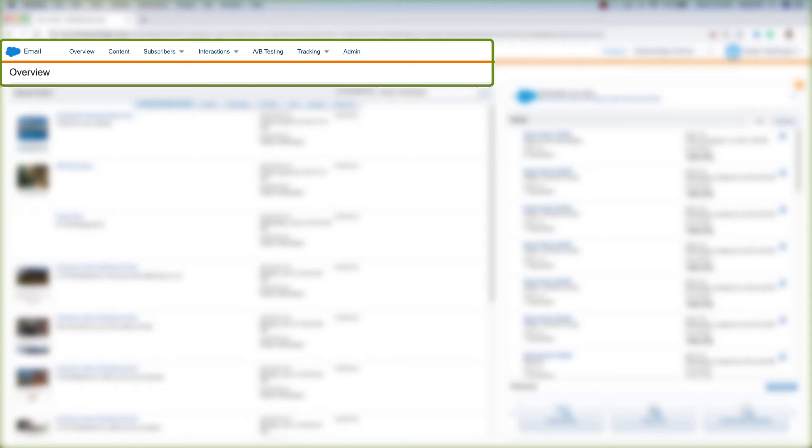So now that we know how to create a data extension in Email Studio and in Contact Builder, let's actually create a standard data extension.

--*--

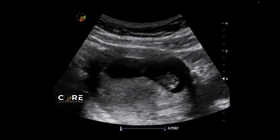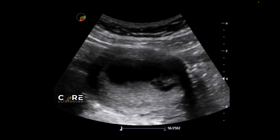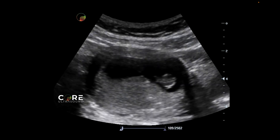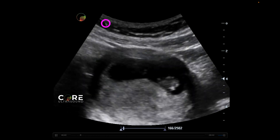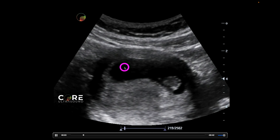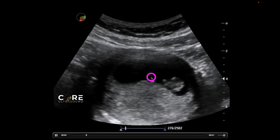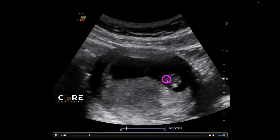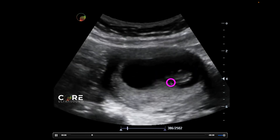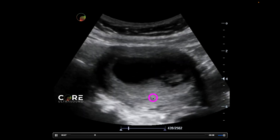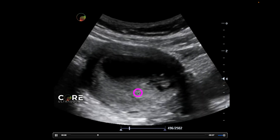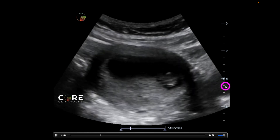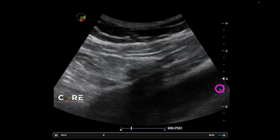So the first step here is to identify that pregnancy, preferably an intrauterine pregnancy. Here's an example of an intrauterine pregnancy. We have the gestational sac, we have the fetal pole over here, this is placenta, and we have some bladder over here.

--*--

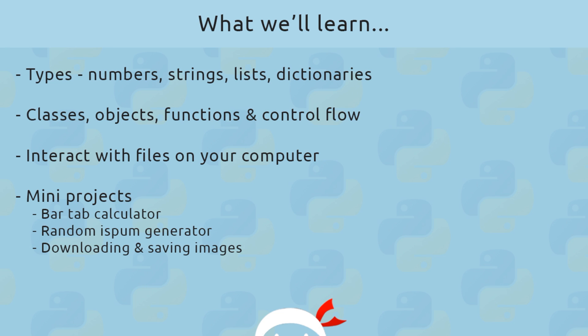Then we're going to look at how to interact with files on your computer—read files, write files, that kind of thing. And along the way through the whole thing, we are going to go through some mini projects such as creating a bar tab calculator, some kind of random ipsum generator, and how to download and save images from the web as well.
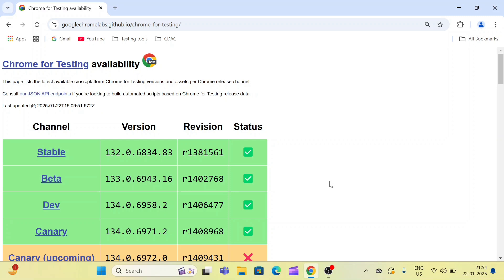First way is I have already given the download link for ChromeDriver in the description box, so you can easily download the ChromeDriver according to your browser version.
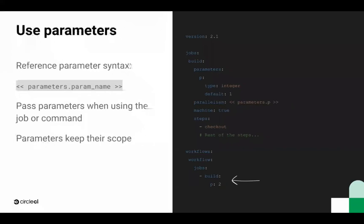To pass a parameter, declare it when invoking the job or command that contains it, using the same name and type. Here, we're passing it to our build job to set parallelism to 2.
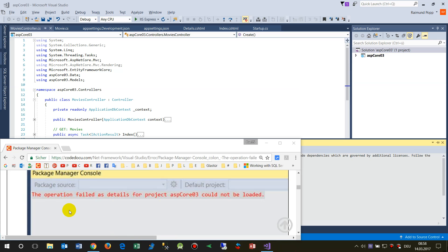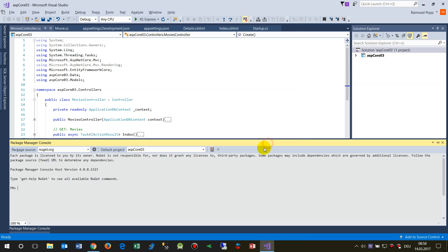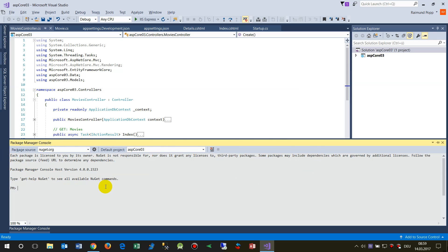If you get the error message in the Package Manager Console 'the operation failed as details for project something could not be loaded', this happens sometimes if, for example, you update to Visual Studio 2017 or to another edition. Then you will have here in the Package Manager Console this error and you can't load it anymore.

--*--

◆ Exercise directions
Set down exactly the lines above, from the line containing "To pass a parameter, declare" through the line containing "If you get the". Skip the pictures.

◆ Response box
To pass a parameter, declare it when invoking the job or command that contains it, using the same name and type. Here, we're passing it to our build job to set parallelism to 2.
If you get the error message in the Package Manager Console 'the operation failed as details for project something could not be loaded', this happens sometimes if, for example, you update to Visual Studio 2017 or to another edition. Then you will have here in the Package Manager Console this error and you can't load it anymore.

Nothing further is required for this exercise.